私は学部生時代に経済学部だったので、お決まりのケインズを勉強していたのですが、ケインズって正直つまらないし、勉強していても全然ピンと来なかったのです。当時は経済学って正直面白くないとすら思っていました。しかし、大学院に進学してオーストリア学派のハイエクの理論に出会って衝撃を受けたのです。この人面白いし、主張がシンプルで嘘がないなと。
ハイエクは20世紀を代表するリバタリアニズムの思想家ですが、小さな政府や貨幣発行自由化論(1976年)などを提唱しています。「これだ!」と思って没頭しました。その結果、税理士試験勉強がおろそかになってしまって、税理士試験で一浪することになるのですが(笑)いま思えば、ビットコインはまさにハイエクの理論を体現しています。仮想通貨の背景にあるリバタリアニズム等の思想は学生時代から好きでしたし、いまも大好きですね。
理屈としては、そんな感じで仮想通貨にハマっていきましたが、実際には別の側面もあります。例のエンジニアの起業家に連れ回されて、仮想通貨業界に出入りするようになったのですが、この業界で出会う人がみんな面白い人ばかりだったのです。いままでの東京のIT系スタートアップとはまた別のセグメントで、こんなにもイキイキとした人達のコミュニティがあるのかと思いました。業界のカオスな面を楽しんでいるクリプト界隈の人たちが好きなのです。

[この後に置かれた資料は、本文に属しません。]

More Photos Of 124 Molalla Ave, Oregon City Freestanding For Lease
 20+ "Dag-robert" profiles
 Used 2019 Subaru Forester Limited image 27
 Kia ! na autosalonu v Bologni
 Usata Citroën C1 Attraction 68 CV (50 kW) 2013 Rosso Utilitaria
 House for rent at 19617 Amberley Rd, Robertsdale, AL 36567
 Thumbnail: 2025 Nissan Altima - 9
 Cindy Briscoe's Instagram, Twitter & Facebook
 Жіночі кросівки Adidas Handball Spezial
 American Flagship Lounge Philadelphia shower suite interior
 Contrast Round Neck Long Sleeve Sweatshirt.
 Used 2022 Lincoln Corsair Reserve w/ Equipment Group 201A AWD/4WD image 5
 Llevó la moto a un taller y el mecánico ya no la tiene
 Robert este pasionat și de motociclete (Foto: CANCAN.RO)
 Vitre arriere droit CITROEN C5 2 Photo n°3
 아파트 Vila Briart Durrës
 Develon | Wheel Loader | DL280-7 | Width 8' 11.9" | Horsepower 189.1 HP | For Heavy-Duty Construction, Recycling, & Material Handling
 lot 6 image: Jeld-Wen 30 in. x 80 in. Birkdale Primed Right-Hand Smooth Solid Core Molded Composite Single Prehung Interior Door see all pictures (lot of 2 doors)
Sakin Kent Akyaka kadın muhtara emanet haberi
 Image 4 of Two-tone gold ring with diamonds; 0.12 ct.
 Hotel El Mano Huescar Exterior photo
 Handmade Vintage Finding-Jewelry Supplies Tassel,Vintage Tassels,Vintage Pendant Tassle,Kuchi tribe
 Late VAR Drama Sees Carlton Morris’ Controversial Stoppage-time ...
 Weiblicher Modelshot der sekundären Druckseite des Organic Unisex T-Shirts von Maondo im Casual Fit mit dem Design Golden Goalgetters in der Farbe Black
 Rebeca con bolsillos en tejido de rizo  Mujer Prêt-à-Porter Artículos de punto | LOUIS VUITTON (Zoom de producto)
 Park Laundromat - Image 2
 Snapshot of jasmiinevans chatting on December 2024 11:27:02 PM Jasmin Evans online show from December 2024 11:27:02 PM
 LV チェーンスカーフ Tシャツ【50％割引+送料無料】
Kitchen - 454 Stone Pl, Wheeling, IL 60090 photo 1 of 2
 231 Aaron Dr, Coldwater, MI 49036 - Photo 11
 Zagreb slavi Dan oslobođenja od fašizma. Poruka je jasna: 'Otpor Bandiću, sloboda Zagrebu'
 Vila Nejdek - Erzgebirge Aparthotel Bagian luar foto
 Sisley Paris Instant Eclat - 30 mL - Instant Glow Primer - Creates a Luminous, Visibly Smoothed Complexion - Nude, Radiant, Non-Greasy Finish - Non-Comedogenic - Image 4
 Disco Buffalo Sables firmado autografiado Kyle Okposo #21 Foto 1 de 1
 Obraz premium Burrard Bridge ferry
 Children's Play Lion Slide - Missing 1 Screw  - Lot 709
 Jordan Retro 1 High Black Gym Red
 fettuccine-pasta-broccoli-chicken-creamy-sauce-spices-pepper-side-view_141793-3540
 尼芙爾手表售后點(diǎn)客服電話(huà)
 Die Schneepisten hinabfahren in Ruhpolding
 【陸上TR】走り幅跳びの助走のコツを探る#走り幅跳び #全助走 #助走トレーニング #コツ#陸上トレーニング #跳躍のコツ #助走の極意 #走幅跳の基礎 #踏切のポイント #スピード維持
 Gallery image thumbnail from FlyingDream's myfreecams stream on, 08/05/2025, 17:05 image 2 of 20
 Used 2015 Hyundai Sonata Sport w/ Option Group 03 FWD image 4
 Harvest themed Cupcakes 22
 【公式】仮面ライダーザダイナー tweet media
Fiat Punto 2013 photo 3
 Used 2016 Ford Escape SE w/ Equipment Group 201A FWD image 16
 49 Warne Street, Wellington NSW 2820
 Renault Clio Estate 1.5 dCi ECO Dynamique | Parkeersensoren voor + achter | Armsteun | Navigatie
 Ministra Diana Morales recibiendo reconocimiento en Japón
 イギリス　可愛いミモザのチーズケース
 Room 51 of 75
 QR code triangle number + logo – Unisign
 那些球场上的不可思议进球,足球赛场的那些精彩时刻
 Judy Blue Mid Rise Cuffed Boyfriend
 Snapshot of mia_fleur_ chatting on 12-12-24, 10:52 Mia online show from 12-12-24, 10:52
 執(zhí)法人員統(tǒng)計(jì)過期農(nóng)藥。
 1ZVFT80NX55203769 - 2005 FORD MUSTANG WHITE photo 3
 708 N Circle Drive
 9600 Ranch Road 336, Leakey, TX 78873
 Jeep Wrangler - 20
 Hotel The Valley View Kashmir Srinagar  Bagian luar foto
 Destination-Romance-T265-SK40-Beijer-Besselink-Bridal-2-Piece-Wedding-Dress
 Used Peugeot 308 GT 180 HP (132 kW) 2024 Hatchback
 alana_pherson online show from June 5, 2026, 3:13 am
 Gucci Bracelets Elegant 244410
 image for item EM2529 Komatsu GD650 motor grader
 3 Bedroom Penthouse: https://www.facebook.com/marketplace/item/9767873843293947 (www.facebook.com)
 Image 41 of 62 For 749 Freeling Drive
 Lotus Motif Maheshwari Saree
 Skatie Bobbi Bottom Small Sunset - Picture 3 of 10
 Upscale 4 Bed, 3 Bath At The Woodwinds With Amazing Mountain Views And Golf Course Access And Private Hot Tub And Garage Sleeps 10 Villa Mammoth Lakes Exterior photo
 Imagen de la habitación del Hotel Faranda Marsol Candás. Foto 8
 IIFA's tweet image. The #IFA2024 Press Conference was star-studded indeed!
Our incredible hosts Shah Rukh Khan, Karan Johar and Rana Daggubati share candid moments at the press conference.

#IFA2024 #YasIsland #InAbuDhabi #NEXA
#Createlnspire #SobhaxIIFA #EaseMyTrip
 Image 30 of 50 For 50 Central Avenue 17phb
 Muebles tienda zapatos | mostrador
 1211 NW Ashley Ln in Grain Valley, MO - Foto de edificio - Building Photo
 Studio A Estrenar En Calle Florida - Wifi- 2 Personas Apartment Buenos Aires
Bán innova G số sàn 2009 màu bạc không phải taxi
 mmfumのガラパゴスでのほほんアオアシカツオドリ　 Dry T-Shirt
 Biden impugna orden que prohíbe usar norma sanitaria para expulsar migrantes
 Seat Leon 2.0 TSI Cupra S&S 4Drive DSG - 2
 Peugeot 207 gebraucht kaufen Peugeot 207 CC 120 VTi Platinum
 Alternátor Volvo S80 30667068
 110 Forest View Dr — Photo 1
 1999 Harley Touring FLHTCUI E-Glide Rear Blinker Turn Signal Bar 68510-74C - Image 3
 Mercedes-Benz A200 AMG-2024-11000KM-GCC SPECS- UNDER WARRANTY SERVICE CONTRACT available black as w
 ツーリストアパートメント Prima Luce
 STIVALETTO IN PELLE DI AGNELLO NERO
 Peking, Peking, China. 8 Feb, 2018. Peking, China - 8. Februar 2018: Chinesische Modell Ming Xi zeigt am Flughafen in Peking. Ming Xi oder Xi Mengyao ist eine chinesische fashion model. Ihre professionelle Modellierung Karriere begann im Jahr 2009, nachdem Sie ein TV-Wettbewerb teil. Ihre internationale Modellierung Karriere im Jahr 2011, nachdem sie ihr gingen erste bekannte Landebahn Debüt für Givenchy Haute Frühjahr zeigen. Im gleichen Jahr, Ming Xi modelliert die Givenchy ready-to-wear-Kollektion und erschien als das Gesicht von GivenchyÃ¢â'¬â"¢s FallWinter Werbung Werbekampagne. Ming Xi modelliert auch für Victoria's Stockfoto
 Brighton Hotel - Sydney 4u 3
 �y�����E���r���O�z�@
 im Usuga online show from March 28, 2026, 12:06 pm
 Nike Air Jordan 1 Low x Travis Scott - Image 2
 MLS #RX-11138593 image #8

‐最近の日本の仮想通貨業界のトレンドについて教えて下さい。
短期でみると、日本の仮想通貨業界は低迷するのではないか、というのが正直な感想です。去年までは改正資金決済法や消費税非課税という観点から、日本は間違いなく世界をリードしていましたし、世界中のスタートアップから注目されていました。ただ、コインチェック事件で潮目が変わってしまったなと。それ以前は金融庁が仮想通貨のベンチャーからヒアリングしながら、一緒によい制度を作って、新しい産業を育てようという前向きな雰囲気がありましたが、コインチェック事件以降ベンチャーに自由にやらせようという雰囲気はなくなり、厳格に規制して行くという雰囲気になりました。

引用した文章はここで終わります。